Copy out each line of the data that includes the string "Smooth".

# Data for the task
- - - - -

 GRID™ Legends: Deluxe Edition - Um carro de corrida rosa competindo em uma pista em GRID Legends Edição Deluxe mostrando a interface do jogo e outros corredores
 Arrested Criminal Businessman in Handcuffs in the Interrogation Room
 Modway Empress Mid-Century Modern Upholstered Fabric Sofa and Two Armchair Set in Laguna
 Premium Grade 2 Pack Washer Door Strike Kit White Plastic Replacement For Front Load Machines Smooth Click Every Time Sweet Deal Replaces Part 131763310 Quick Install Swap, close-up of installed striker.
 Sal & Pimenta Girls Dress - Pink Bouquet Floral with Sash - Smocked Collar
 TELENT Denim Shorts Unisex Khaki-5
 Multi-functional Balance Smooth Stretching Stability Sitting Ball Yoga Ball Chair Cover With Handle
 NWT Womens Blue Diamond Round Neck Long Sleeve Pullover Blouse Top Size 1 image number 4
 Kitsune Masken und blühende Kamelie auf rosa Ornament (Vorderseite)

- - - - -

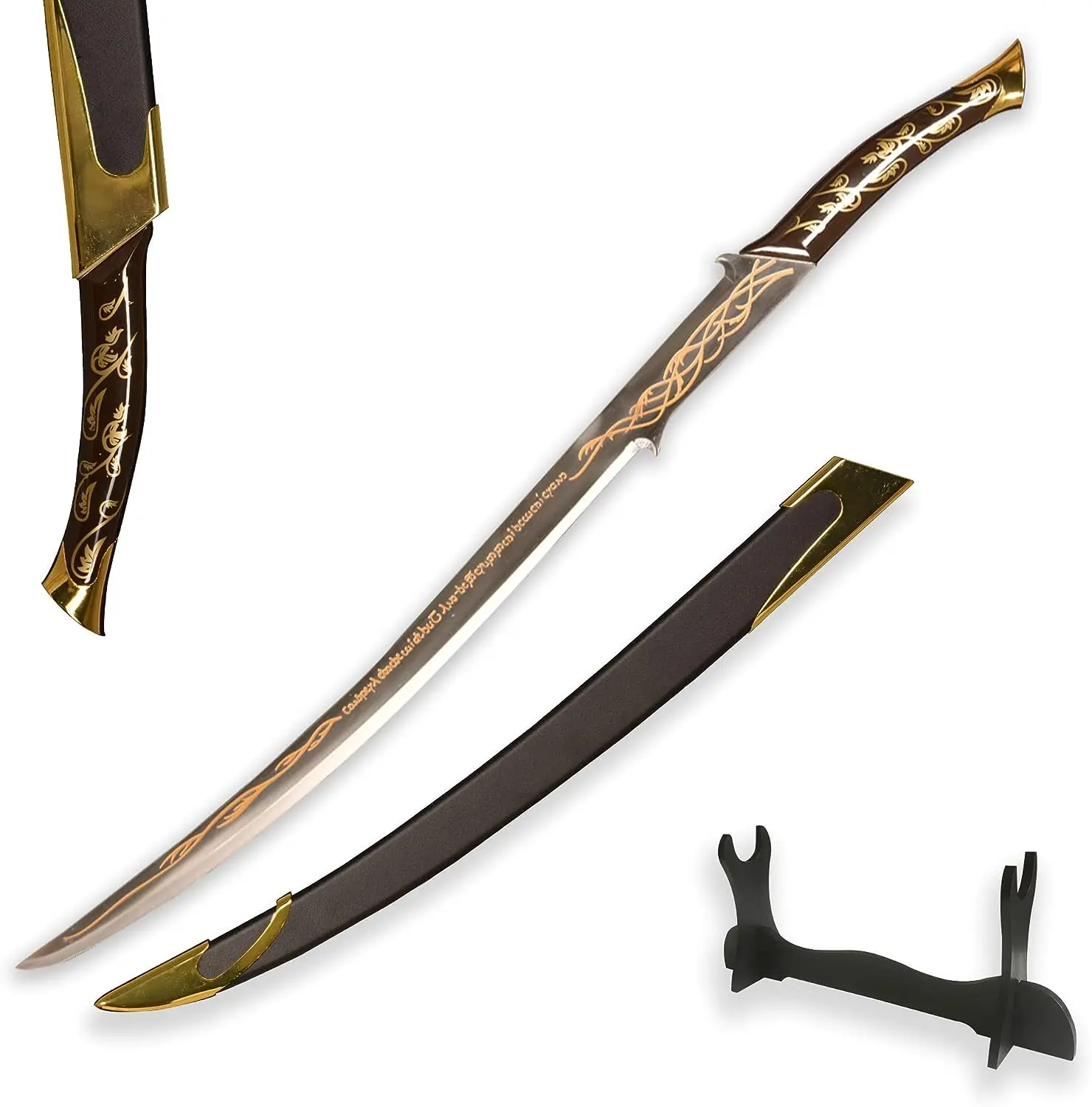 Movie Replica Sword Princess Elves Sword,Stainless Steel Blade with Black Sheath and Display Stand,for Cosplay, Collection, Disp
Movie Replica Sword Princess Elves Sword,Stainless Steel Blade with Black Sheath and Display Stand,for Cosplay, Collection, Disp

- - - - -

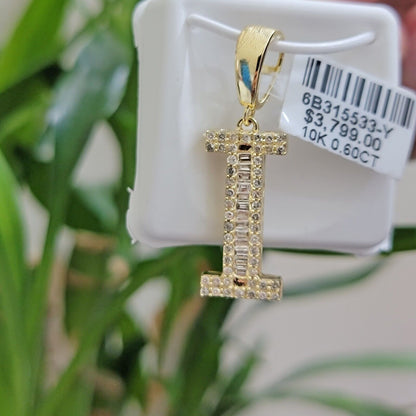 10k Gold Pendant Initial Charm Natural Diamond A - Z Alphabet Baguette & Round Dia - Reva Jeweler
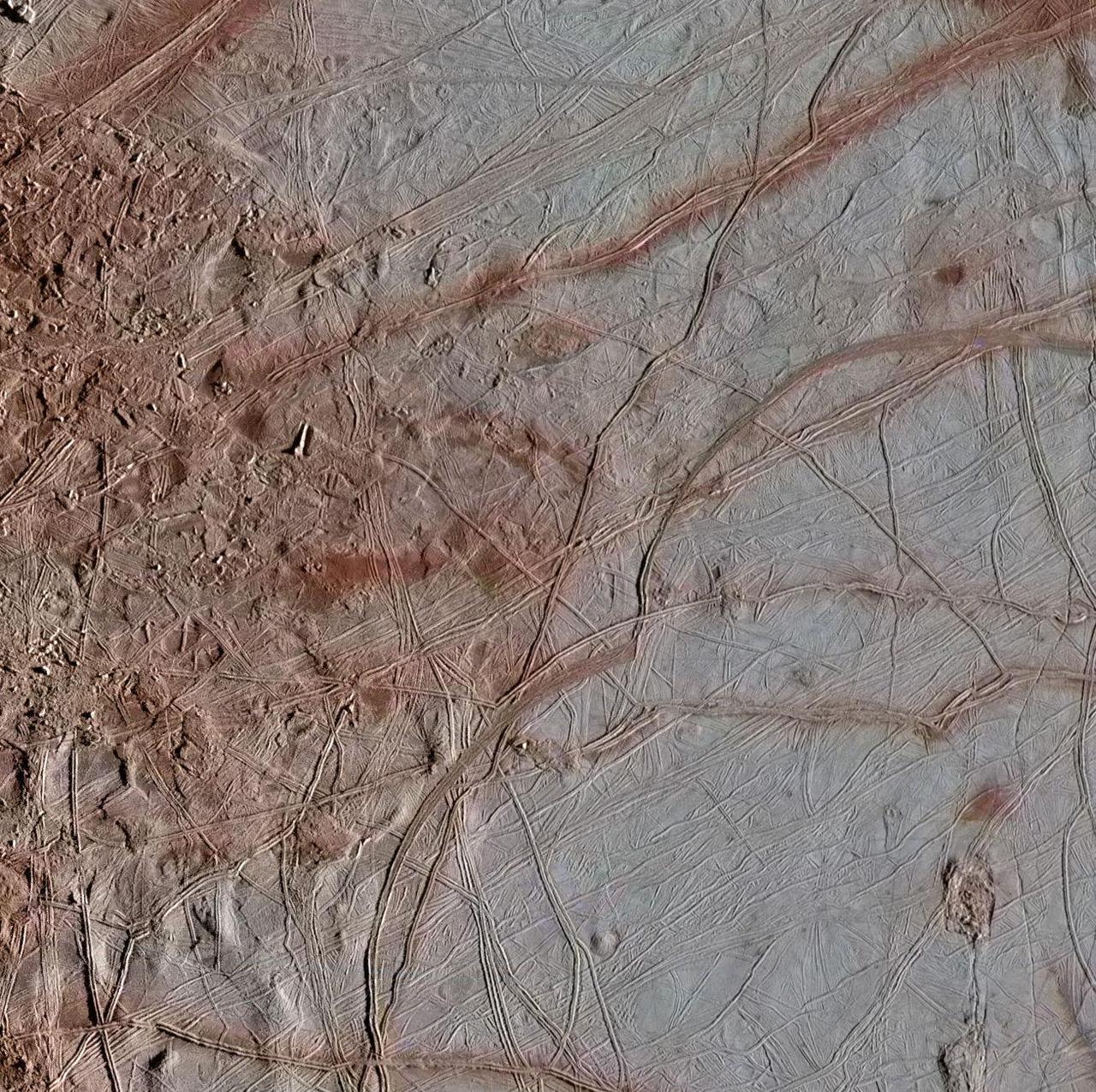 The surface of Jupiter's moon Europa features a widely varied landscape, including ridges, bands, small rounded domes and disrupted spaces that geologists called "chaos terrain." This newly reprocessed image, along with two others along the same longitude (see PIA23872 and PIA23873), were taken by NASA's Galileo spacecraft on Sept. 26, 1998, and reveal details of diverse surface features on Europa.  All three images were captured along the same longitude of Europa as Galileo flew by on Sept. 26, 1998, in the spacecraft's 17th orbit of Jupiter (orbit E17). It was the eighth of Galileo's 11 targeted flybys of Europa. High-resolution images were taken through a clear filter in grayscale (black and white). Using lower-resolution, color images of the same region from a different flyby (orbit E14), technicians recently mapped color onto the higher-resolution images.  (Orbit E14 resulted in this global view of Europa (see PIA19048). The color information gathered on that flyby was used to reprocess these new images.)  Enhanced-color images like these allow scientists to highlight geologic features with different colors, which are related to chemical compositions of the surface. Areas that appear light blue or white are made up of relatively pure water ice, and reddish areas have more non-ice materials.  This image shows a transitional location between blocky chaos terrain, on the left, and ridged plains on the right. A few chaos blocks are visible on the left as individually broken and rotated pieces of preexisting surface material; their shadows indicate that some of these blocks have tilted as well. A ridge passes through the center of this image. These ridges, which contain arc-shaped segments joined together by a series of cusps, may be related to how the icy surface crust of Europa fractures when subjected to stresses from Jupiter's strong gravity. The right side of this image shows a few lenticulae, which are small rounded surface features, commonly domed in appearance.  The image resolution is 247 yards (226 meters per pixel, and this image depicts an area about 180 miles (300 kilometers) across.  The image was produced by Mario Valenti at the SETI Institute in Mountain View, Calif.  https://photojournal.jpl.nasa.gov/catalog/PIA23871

- - - - -

# Output for this task
 Premium Grade 2 Pack Washer Door Strike Kit White Plastic Replacement For Front Load Machines Smooth Click Every Time Sweet Deal Replaces Part 131763310 Quick Install Swap, close-up of installed striker.
 Multi-functional Balance Smooth Stretching Stability Sitting Ball Yoga Ball Chair Cover With Handle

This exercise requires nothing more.